6つもの名前候補があった!?奥深き「北海道」命名の過程。名づけ親は松浦武四郎
みなさんは、「北海道」というとどのようなことをイメージしますか?
「北海道はでっかいどう」という有名なフレーズもあるとおり、その広大な大地を思い浮かべる方、海鮮をはじめとした美味しい料理を思い浮かべる方、アイヌの文化や開拓のイメージをお持ちの方など、さまざまではないでしょうか。
今回は、「北海道」という名前がどのように命名されたのか、その過程をご紹介したいと思います。

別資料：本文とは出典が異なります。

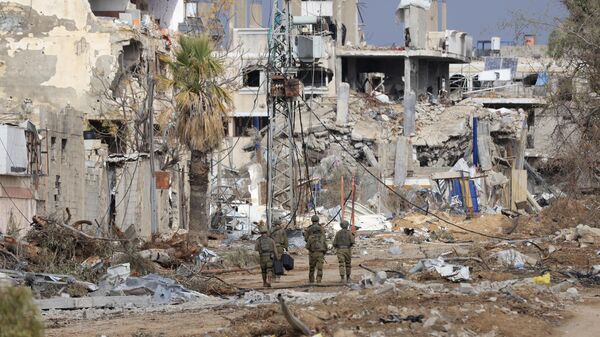 Израильские военнослужащие проходят мимо разрушенных зданий по дороге Салахеддин, которая соединяет север сектора Газа с югом, в районе Зейтун на окраине города Газа - اسپوتنیک افغانستان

「北海道」の名づけ親は松浦武四郎(まつうらたけしろう)
「北海道」という名前をつけたのは、松浦武四郎という人物です。伊勢(現在の三重県)出身で、1818年に生まれました。
10年間の家出、アイヌとの親交…「北海道」の生みの親・松浦武四郎、その破天荒な人生26歳のときに蝦夷地(当時北海道はそのように呼ばれていました)に渡り、その後6回蝦夷地を探査しています。彼の探査は、「石狩日誌」「十勝日誌」「天塩日誌」「知床日誌」など、151冊の紀行本にまとめられています。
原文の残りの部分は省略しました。